Imaging single glycans (Nature)

Imaging of biomolecules guides our understanding of their diverse structures and functions. Real-space imaging at sub-nanometre resolution using cryo-electron microscopy has provided key insights into proteins and their assemblies. Direct molecular imaging of glycans—the predominant biopolymers on Earth, with a plethora of structural and biological functions—has not been possible so far. The inherent glycan complexity and backbone flexibility require single-molecule approaches for real-space imaging. At present, glycan characterization often relies on a combination of mass spectrometry and nuclear magnetic resonance imaging to provide insights into size, sequence, branching and connectivity, and therefore requires structure reconstruction from indirect information. Here S. Rauschenbach, P. H. Seeberger, K. Kern et. al.  show direct imaging of single glycan molecules that are isolated by mass-selective, soft-landing electrospray ion beam deposition and imaged by low-temperature scanning tunnelling microscopy.The sub-nanometre resolution of the technique enables the visualization of glycan connectivity and discrimination between regioisomers. Direct glycan imaging is an important step towards a better understanding of the structure of carbohydrates.

11 Mar 2021

SINGLE: Atomic-resolution structure identification of nanocrystals by graphene liquid cell EM (Science Advances)
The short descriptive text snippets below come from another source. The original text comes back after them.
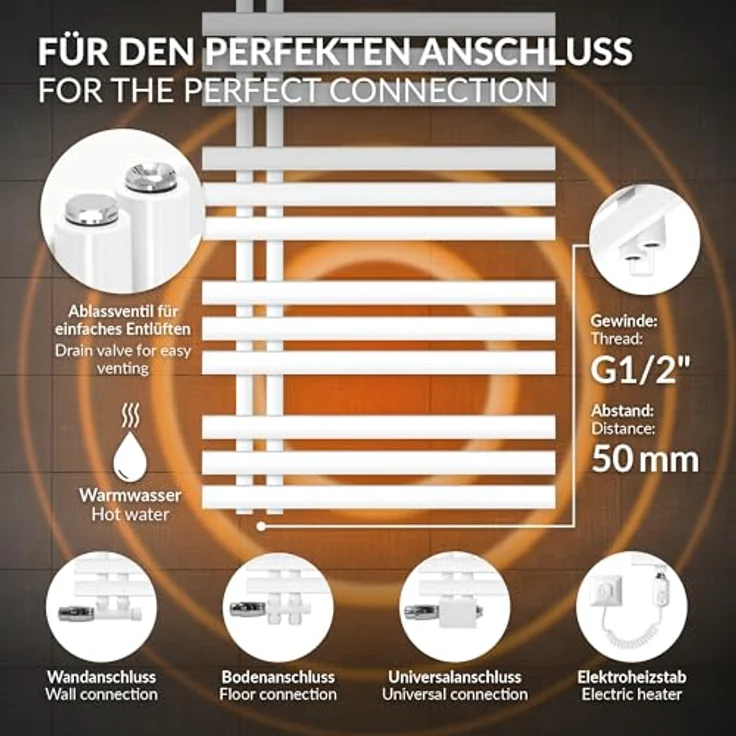 LuxeBath Elektrischer Badheizkörper Iron EM 600x1600 mm Weiß, 900W Heizstab mit Thermostat und Digitalanzeige, Handtuchheizkörper und Elektro Handtuchwärmer – Bild 5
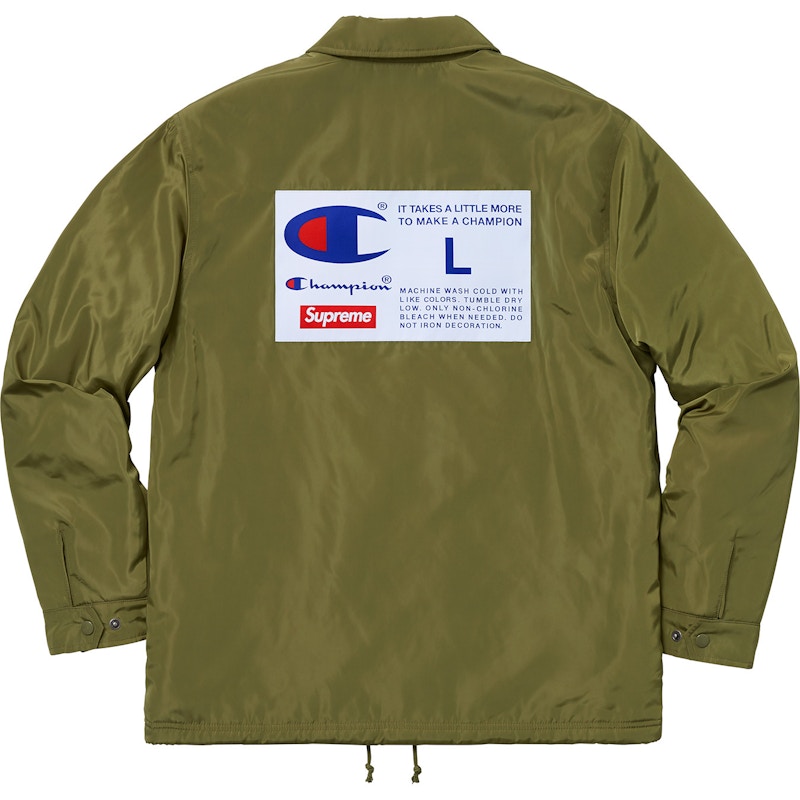 Supreme Champion Label Coaches Jacket Olive 圖 3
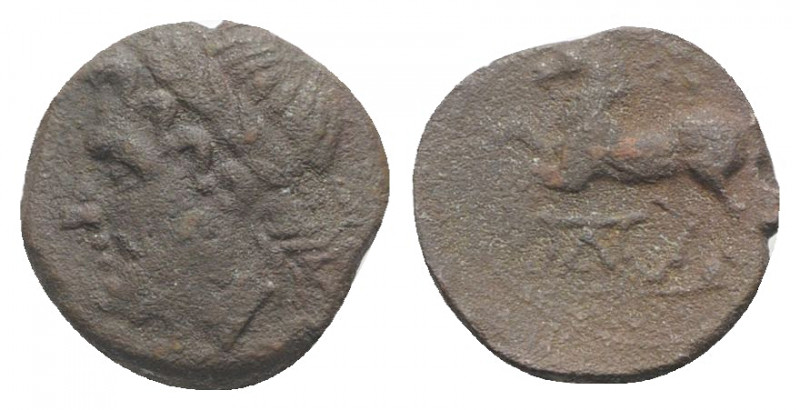 Northern Apulia, Arpi, c. 325-275 BC. Æ (14.5mm, 3.30g, 9h). Laureate head of Ze...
Analysis of the three-dimensional (3D) structures of nanocrystals with solution-phase transmission electron microscopy is beginning to reveal their unique physiochemical properties. J. Park, H. Elmlund et. al.developed a “one-particle Brownian 3D reconstruction method” based on imaging of ensembles of colloidal nanocrystals using graphene liquid cell electron microscopy. Projection images of differently rotated nanocrystals are acquired using a direct electron detector with high temporal (<2.5 ms) resolution and analyzed to obtain an ensemble of 3D reconstructions. Here, they introduce computational methods required for successful atomic-resolution 3D reconstruction: (i) tracking of the individual particles throughout the time series, (ii) subtraction of the interfering background of the graphene liquid cell, (iii) identification and rejection of low-quality images, and (iv) tailored strategies for 2D/3D alignment and averaging that differ from those used in biological cryo–electron microscopy. Their developments are made available through the open-source software package SINGLE.